Dann haben die Entertaiment, Spiele und Filme (Nemo Cars).

Das ist dann wie im Flugzeug mit den Bildschirme vor einem im Sitz.

Sorry LinuxTom, aber ich suche schon länger einen Grund weshalb man sich so ein Ding zulegt.

Auf so einem Ding Linux laufen zu lassen, wäre vielleicht ganz witzig, aber ich habe dafür keinen Grund.

Gruss Jörg

----------

## jodel

 *LinuxTom wrote:*   

> Danke für nach oben schieben meines Artikels, doch ich suche echt 'nen Tablet-PC der das kann. Über den Sinn und die Kosten will ich gar nicht diskutieren. 

 

du suchst sicher das hier:  http://wetab.mobi/produktdetails

aber ist noch nicht sicher ob das ding wirklich jemals rauskommt  :Smile: 

----------

## brynnhold

naja, das Ipad hat nicht einmal einen USB-Anschluss.

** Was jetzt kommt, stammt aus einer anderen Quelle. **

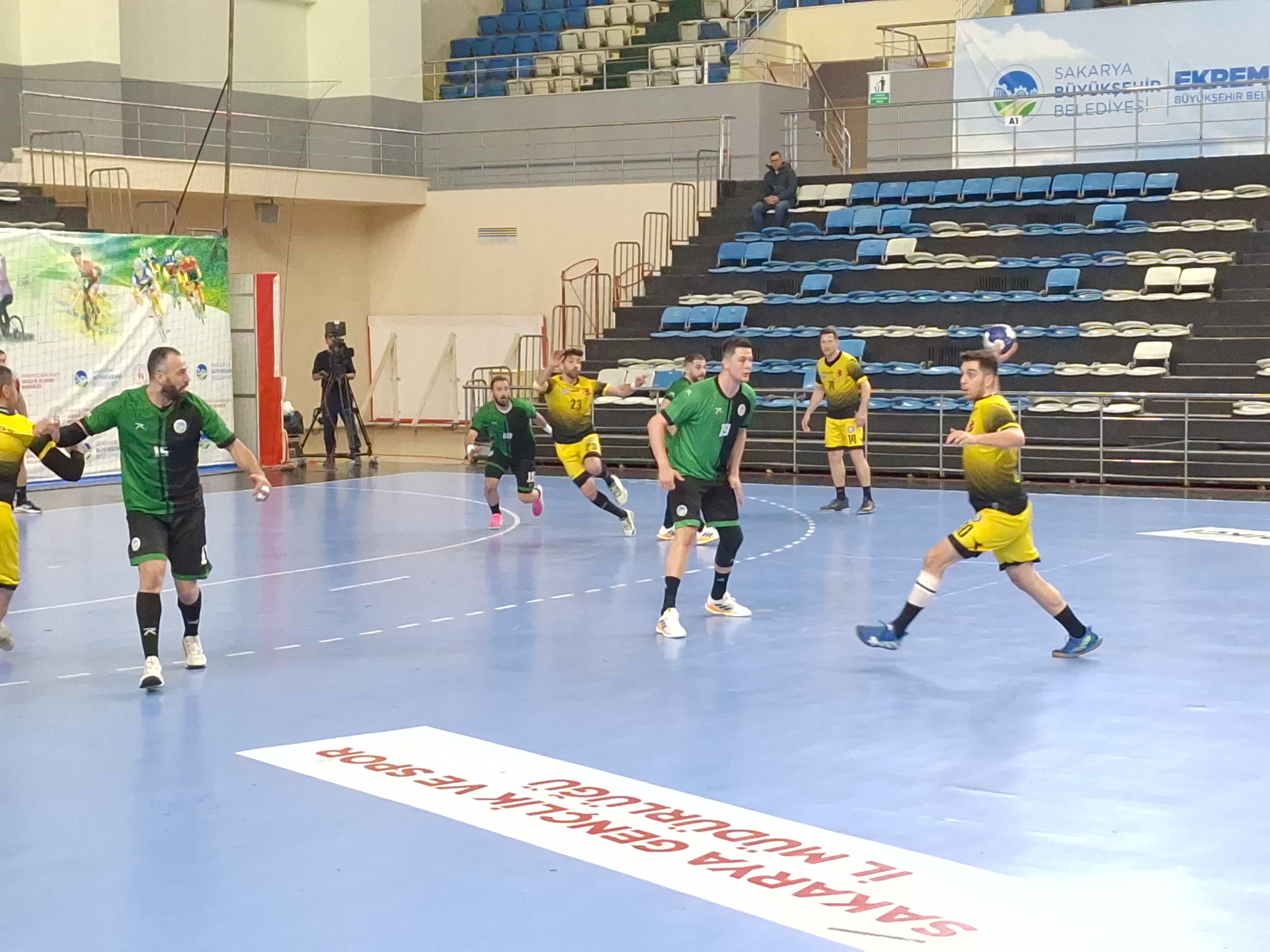 Büyükşehir Hentbol evinde kaybetti: 34-37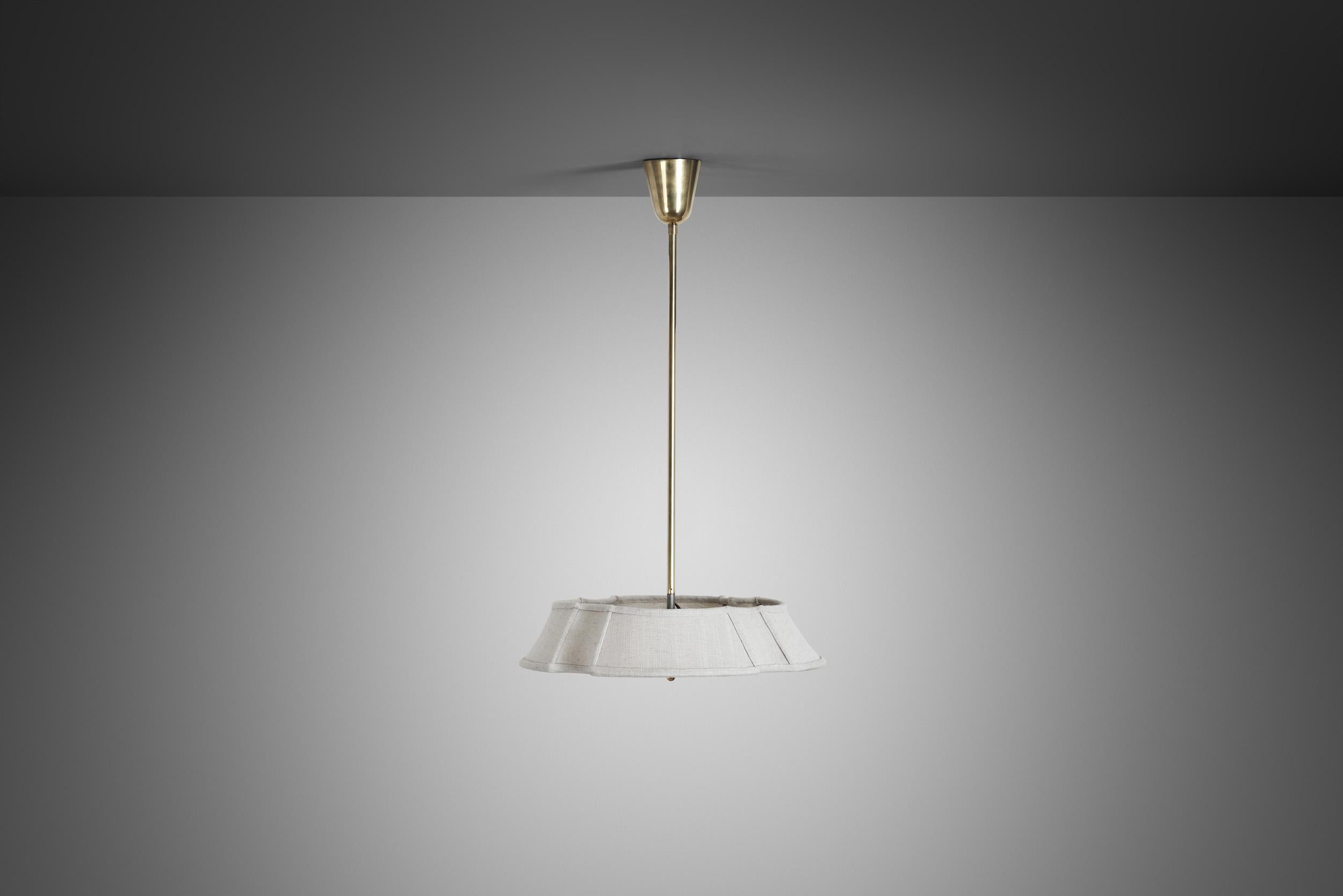 Finnische moderne Hängelampe von Pohjoismainen Sähkö Oy, Finnland Mitte des 20. im Angebot 1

Das WeTab klingt schon recht cool, aber da is ja schon ein Linüxchen drauf  :Very Happy: 

Das Hacken des dingens wird aber wegen den USBPorts einfacher (wegen Tastatur und so)

Es gibt ja auch Netbooks mit drehbarem Bildschirm und Touchscreen. Mein Favorit wäre z.b. das  Gigabyte M912X http://www.gigabyte.de/Products/Notebook/Products_Spec.aspx?ProductID=2776

Ein Kumpel von mir hat sich das gegönnt (Er brauchs für Schule, er isn Linuxtyp) aber hat noch Windows XP drauf. Aber Linux (Ubuntu Netbook Remix) läuft auch drauf. Gentoo sollte auch laufen.

----------

## root_tux_linux

 *LinuxTom wrote:*   

> Hallo,
> 
> nun habe ich gestern einen neuen iPad in der Hand gehabt. Wirklich tolles Teil. Meine Frage: Hat sich schon jemand mit einer Alternative beschäftigt, gleiches mit Gentoo zu bestücken? Dabei sollte die Hardware vielleicht mindestens gleiches bieten.
> 
> Eine Seite die etwas über Alternativen schreibt ist diese hier.
> ...

 

Jetzt ohne zu trollen aber IPad und toll?

Was ist an einem Gerät toll das man nur im Winter benutzen kann?

Das IPad schaltet sich  bei 35°C in nen Cooldown Modus, danach kann man es für 20 - 30 Minuten nicht mehr nutzen. 

http://www.golem.de/1004/74274.html

http://www.youtube.com/watch?v=9TU8YoOSqZc

Mal davon abgesehen das es mit DRM gespickt ist und an komplett unfrei/unoffen. 

Da würd ich lieber auf die Tablets von Dell warten oder das WePad/Tab nehmen

----------

## LinuxTom

 *root_tux_linux wrote:*   

> Da würd ich lieber auf die Tablets von Dell warten 

 

Das ist doch mal 'ne konkrete Aussage.  :Smile: 

Und welchen?

----------

## root_tux_linux

 *LinuxTom wrote:*   

>  *root_tux_linux wrote:*   Da würd ich lieber auf die Tablets von Dell warten  
> 
> Das ist doch mal 'ne konkrete Aussage. 
> 
> Und welchen?

 

Dell Streak

http://www.touchmemobile.de/2010/04/dell-streak-7-und-10-zoll-tablets-ende-2010anfang-2011/

Mittlerweile auch bestätigt und Termin (zumindest für das kleinere)

http://www.networkcomputing.de/kommunikation/mobile-wireless/artikel-83312.html

Oder halt  mal die anderen Dinger angucken... WeTab, HP Slate (Anscheinend nicht mehr mit Win 7 sondern PalmOS oder Android), Asus Eee Pad (Android) usw usf...

Da werden wohl noch einige auf den "TabletPC Zug" aufspringen ende 2010/ anfang 2011...

----------

## manuels

Ich warte schon die ganze Zeit darauf, dass das Viliv S10 in Deutschland erhältlich ist.

Ist aber kein "Digitaler Bilderrahmen", sondern hat auch eine Tastatur.

Aber wahrscheinlich ein bisschen teuer.

Und es hat ein Drei-Finger-Touchdisplay.

(Jetzt nicht überstürzt sagen, dass sowas schwachsinnig sei!

Habe letztens ein Video von einer Software gesehen, die dies wunderbar nutzt. Find es nur gerade nich...)

----------